Ever wonder why you’ve had more strategy conversations than you can count, but not a single strategist discussion you can remember?
Nor are you alone. Most individuals and organizations focus on strategy, not strategists.
Welcome to the strategy trap.
The strategy trap is easy to explain but hard to escape. It operates by prioritizing strategy and deprioritizing the strategist. Translation: Strategy is the rock star that gets idolized, strategists are the roadies that get ignored.
Skeptical? When was the last time you read a book on strategists, not strategy? When was the last time your organization invested in strategists, not strategy? How many academic programs center on strategists, not strategy?
Year after year, strategists get downplayed. And it’s a short trip from downplayed to deprioritized. When strategists are neglected, their marginalization is normalized. Their absence becomes the extent of their presence.
That’s why the strategy trap is so insidious. It not only prioritizes strategy over the strategist but it also makes the strategist seem irrelevant.
The bottom line: Strategy is all about strategy. It breathes its own exhaust.
Strategy has made a career out of ignoring the strategist.
But here’s the breakthrough insight: Things don’t have to be this way.
THE CHOICE
Every individual and organization has a clear-cut choice to make. Are you going to focus on strategy or strategists?
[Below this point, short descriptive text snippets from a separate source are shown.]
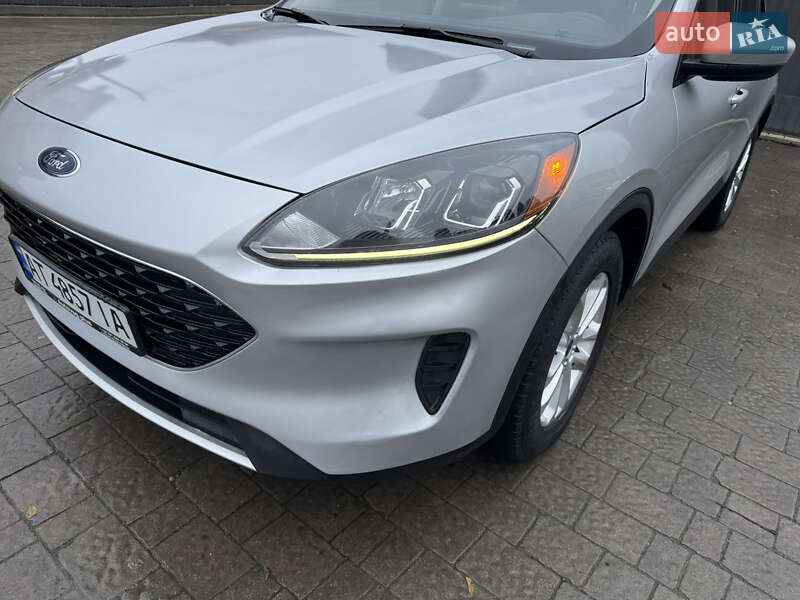 Позашляховик / Кросовер Ford Escape 2020 в Івано-Франківську
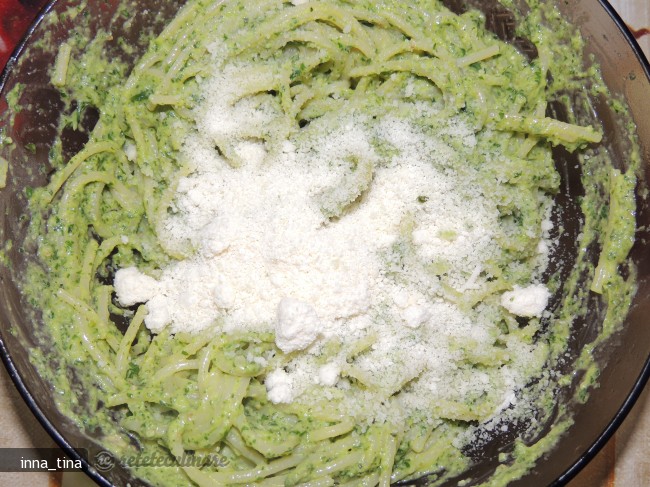 Spaghette cu Pesto de Rucola si Zucchine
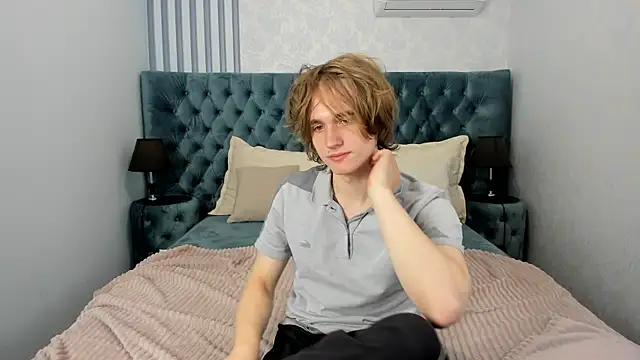 Snapshot of FinnBev chatting on 05-30-26, 08:06 FinnBev online show from 05-30-26, 08:06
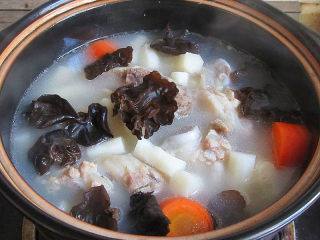 10、天冷了，来碗猪大骨暖身汤,放入木耳继续煮2分钟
In choosing strategy, the world remains much the same. And that may be desirable if you’re launching one wildly successful strategy after another. But the data suggest otherwise. Research shows a vast majority of strategies fail to achieve their desired results.
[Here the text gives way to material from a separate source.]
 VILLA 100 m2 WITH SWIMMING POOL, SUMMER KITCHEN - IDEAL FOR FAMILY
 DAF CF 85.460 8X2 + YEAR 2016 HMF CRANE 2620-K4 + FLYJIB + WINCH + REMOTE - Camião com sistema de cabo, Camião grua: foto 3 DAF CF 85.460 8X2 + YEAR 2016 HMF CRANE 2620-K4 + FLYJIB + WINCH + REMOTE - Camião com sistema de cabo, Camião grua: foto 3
What other workflow could fail more often than it succeeds and still hold your organization’s perpetual allegiance?
In choosing strategists, the world unfolds in a radically different way. You see strategists as the upstream cause. And you see strategy as the downstream effect. You therefore choose to push upstream to focus, first and always, on strategists.
All strategy then flows from there.
In a strategist-driven world, the solution is strikingly simple: The best way to generate more and better strategies is to cultivate more and better strategists. Full stop.